Eine lange Liste mit betroffenen Bereichen
Die Liste der betroffenen Bereiche ist indes unglaublich lang. Macht man sich dazu Gedanken, erkennt man, dass es praktisch kein Bereich gibt, der von Autonomem Fahren in Kombination mit Flottenplattformen nicht davon betroffen wäre. Ein kleiner Auszug:
Öffentlicher Verkehr
Der öffentliche Verkehr könnte langfristig im städtischen Nahverkehr komplett auf mittelgroße autonome Busse umgestellt werden. Ein Fahrplan und festgelegte Routen werden obsolet. Der öffentliche Verkehr kann so einiges besser und kostengünstiger auf Nachfrageimpulse reagieren. Durch die Erfahrungsdaten können entsprechende Vorhersagen und Vorkehrungen getroffen werden und ein Verkehrsaufkommen entsprechend antizipiert werden.
Logistik
Die Logistik erfährt durch das autonome Fahrzeug einen ganz gewaltigen Schub. Nicht nur können Waren schneller und sicherer transportiert werden, sondern es fallen viele Kosten weg, da die Anzahl der Leerfahrten reduziert wird. Zudem können z. Bsp. bei kleinen Gütern der Personenverkehr mit dem Güterverkehr vermischt werden. Warum sollten ein autonomes Fahrzeug nicht Menschen zur Arbeit fahren und gleichzeitig auf derselben Route Waren laden oder entladen können?
Versicherungswirtschaft
Versicherungen müssen komplett neue Modelle entwickeln, um menschlich und maschinell gefahrene Vehikel zu versichern.
Automobilindustrie
Unter dem Strich werden viel weniger Fahrzeuge benötigt.

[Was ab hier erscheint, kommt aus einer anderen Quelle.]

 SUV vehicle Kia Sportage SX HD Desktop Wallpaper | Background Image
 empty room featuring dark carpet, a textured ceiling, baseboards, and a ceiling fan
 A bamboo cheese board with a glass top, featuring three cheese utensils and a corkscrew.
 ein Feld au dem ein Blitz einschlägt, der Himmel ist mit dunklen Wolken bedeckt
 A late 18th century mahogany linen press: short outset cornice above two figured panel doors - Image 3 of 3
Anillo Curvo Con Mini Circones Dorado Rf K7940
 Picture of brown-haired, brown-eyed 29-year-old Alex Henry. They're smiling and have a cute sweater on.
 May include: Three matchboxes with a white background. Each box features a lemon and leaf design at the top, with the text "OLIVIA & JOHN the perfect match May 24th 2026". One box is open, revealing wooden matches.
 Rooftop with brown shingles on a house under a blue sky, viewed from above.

Ich glaube die Automobilindustrie ist mit Ihren Wachstumsprognosen auf dem Holzweg. Sie mögen stimmen, wenn das Elektroauto nicht großflächig kommt und wenn das Autonome Fahren nicht in den nächsten 5 Jahren Einzug hält. Dass beides nicht kommt, ist ziemlich unwahrscheinlich. Aus dem simplen Grund, dass beide Technologien fundamental bessere Optionen darstellen. Zudem wird es für die traditionellen Autohersteller schwierig, mit der Art der benötigten Vehikel mit zu halten. Wie einfach es heute ist, eigene Fahrzeuge zu entwickeln und einzusetzen, hat die Deutsche Post Volkswagen letztes Jahr ziemlich eindrücklich gezeigt.

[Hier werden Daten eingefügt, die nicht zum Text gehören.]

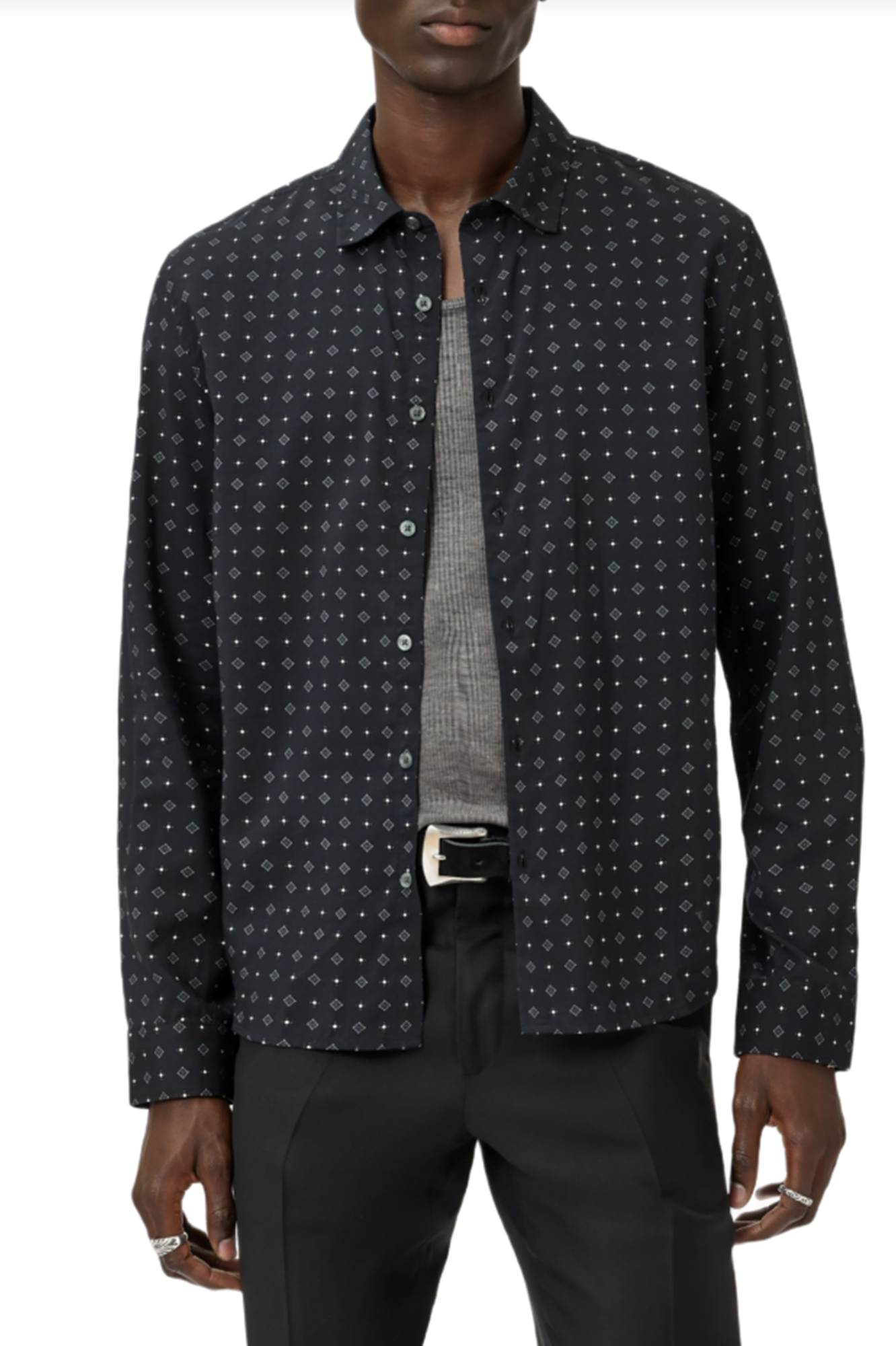 Man wearing a dark patterned shirt over a gray t-shirt on a white background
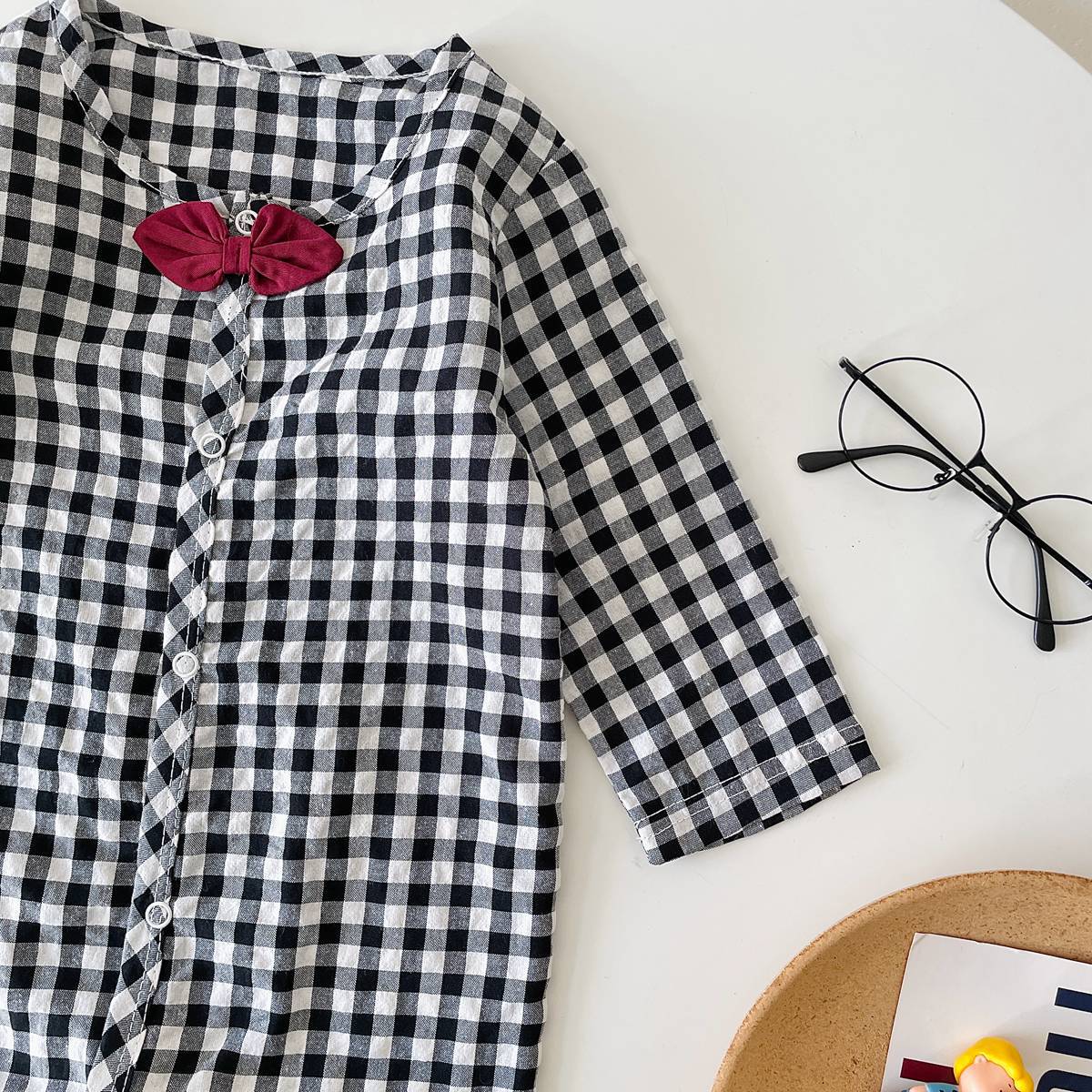 Baby boy wearing a plaid pattern cotton jumpsuit with a bow patch, showcasing comfort and style.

Der Teil des Autonomen Fahrens wird dabei wohl einfach dazu gekauft werden können. Was spricht dagegen, dass Tesla die Hardware von Nvidia, ihre eigene Software und vor allem die Fahrdaten als Service für andere Chassis Hersteller zur Verfügung stellen.
Die Situation wird für die heutigen Autohersteller umso schwieriger, als dass zukünftige autonome Fahrzeuge mit den heutigen Autos wohl nicht mehr allzu viel gemein haben werden.
Ein großes Feld für neue Geschäftsmöglichkeiten
Ich glaube das Autonome Fahren wird eine sehr große Zahl an Möglichkeiten für neue Geschäftsmodelle schaffen. Dabei habe ich nicht unbedingt die großen Konzerne und Player im Blick, sondern viele noch zu gründende Startups. Das autonome Fahrzeug senkt die Kosten für sämtliche „Rides“ radikal. Das ermöglicht neue Konzepte und Geschäftsmodelle, welche bislang aus Kostengründen nicht verfolgt werden konnten. Es ist ganz ähnlich wie mit der Batterietechnologie. Oder dem mobilen Internet.
Wie so oft bei technologischen Durchbrüchen werden die Karten neu gemischt und ausgegeben. Und wer in der letzten Runde die besten Karten hatte, ist gar nicht mehr so relevant. Denn es beginnt wieder ein neues Spiel.